Worst Case Scenario (1996) has Michaelson attending the Contemporary Policy Dynamics Conference, which is described as a "compressed microcosm of Washington," where he does a favor for a man, named Alex Moodie, who wants to know his wife, Deborah, suddenly stopped getting promotions – effectively freezing her career. Michaelson has dug-up a source of information, Scott Pilkington, who informs Alex that his wife made too much noise when "she thought she'd sniffed out a scandal." Deborah is a deputy director of Planning and Research Priority Assessment with the National Health Research Agency and she discovered that a retired army general, with "a charity star," received a bump on the way up on a priority list for a rare-match liver transplant. She became a nuisance on this issue and was put on a dead-end track. This is just one of the examples of people at the conference who are on the lookout for information, contacts or merely funds.

There is, however, one attendee who has a rather simple wish: Sharon Bedford wants to have a job. She circulates her résumé and attached to it is information "that'll get the attention of the right people at the right time," which is a tantalizing and tempting offer for any political climber in attendance – but she's keeping a tight lid on that information.

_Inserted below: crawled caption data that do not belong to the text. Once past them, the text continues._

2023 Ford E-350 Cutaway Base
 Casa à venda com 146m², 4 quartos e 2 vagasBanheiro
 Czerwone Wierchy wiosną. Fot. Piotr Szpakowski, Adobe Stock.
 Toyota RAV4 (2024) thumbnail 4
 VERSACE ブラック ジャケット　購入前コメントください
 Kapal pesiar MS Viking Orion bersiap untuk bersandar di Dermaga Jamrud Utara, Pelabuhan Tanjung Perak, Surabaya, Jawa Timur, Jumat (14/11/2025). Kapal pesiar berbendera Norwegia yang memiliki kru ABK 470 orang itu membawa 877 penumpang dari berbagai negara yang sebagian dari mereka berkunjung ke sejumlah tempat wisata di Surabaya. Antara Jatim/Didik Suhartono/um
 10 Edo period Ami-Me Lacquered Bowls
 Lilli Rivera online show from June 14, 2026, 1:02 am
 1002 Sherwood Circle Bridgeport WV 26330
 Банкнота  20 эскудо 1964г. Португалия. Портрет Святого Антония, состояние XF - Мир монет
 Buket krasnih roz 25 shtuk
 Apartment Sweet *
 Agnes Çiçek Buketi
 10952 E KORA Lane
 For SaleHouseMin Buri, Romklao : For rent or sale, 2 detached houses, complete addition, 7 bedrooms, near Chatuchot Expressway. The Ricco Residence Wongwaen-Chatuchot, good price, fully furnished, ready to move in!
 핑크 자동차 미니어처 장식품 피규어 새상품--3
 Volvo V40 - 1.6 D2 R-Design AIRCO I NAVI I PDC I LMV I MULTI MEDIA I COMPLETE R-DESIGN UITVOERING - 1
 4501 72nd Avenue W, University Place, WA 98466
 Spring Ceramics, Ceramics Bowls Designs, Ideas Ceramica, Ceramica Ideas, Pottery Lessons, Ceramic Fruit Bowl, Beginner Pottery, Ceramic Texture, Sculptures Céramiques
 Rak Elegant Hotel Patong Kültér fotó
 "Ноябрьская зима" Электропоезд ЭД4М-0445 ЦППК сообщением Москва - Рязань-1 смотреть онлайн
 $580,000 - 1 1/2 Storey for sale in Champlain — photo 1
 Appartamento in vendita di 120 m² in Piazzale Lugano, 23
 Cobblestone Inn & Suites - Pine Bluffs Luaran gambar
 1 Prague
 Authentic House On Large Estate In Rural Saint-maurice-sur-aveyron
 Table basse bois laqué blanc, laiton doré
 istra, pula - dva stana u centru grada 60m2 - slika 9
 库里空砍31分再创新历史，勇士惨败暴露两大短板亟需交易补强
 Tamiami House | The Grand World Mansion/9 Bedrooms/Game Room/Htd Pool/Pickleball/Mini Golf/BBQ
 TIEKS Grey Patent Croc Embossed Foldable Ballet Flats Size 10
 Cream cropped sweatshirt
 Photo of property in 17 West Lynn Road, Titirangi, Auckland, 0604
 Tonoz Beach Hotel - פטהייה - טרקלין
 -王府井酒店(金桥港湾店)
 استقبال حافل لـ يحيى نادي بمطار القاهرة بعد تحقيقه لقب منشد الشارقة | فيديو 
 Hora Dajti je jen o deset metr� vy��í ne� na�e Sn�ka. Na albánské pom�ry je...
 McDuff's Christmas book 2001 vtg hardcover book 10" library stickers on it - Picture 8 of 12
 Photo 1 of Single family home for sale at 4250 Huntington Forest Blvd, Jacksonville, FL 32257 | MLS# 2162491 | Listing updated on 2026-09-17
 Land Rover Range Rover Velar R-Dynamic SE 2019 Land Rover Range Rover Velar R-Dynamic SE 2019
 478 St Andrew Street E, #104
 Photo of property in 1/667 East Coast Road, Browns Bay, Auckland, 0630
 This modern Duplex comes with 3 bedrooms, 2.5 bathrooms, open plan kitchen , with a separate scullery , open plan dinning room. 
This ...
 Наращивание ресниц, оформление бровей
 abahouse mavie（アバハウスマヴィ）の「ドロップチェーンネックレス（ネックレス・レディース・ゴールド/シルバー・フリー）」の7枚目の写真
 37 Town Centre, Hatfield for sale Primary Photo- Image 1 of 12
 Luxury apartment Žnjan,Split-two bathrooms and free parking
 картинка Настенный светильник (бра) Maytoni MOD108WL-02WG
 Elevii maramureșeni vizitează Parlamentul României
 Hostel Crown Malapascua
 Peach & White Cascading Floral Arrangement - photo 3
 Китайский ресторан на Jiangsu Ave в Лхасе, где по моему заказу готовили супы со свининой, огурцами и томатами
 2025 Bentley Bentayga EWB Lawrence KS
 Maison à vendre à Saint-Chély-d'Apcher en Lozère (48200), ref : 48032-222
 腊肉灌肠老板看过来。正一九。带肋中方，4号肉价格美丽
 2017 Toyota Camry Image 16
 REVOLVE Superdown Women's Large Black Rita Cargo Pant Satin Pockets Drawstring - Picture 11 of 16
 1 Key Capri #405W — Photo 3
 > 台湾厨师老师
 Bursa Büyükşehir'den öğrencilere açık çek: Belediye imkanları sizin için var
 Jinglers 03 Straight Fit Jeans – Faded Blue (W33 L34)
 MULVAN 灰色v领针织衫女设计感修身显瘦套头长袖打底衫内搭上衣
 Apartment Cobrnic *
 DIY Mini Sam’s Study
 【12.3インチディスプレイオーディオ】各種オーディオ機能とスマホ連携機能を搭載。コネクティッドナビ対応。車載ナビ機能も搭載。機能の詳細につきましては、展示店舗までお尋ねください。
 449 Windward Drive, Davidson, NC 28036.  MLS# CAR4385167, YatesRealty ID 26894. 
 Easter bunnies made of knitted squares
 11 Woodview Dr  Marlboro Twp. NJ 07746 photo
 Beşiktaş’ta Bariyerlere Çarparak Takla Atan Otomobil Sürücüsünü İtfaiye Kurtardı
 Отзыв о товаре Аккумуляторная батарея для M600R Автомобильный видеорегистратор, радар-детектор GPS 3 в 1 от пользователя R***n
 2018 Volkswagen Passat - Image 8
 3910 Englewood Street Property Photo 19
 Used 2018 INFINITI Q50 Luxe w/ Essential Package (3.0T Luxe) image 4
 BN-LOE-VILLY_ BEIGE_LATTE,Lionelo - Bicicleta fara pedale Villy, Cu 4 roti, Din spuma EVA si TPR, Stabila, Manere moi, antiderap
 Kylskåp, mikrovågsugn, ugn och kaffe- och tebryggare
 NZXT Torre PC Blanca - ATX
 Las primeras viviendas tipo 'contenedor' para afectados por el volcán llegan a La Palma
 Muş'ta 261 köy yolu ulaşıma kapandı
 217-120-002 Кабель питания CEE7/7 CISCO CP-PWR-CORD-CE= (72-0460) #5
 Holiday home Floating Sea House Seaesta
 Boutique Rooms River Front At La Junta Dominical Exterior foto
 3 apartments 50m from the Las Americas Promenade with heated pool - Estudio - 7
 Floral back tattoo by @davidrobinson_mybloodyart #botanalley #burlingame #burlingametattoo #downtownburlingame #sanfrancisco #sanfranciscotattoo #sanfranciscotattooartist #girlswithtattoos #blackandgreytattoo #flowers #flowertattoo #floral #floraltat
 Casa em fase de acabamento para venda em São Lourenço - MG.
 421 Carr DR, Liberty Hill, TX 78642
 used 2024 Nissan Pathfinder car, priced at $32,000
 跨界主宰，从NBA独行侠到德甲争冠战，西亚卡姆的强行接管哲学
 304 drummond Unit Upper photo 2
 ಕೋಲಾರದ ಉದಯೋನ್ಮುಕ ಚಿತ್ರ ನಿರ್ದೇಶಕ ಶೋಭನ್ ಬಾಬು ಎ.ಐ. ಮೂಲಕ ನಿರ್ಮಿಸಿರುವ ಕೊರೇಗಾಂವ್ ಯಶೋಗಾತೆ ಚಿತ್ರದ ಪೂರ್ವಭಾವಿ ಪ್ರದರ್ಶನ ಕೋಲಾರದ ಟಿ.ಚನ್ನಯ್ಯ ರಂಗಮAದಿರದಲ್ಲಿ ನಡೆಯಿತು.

Michaelson warned Bedford to be careful, because "there are two ways you can get in trouble in Washington." One of them is "by promising what you can't deliver" and "the other is by delivering the kind if thing you just promised." These words prove to be prophetic when the door of her hotel room has to be pried open. Bedford is found submerged in a bathtub and death is later determined to have been caused by deadly dose of bufotenine, but this does not diminish the seemingly impossible nature of the murder. It is know how the poison was ingested, but the way in which the murderer gained access and exited a locked hotel room unseen remains an apparent miraculous feat and the explanation is simple, clever and sneaky. Bowen used simple misdirection and architectural nature of hotel rooms to create a satisfying locked room situation. So that's one aspect of this series that places its author in the class of traditional, puzzle-oriented mystery writers.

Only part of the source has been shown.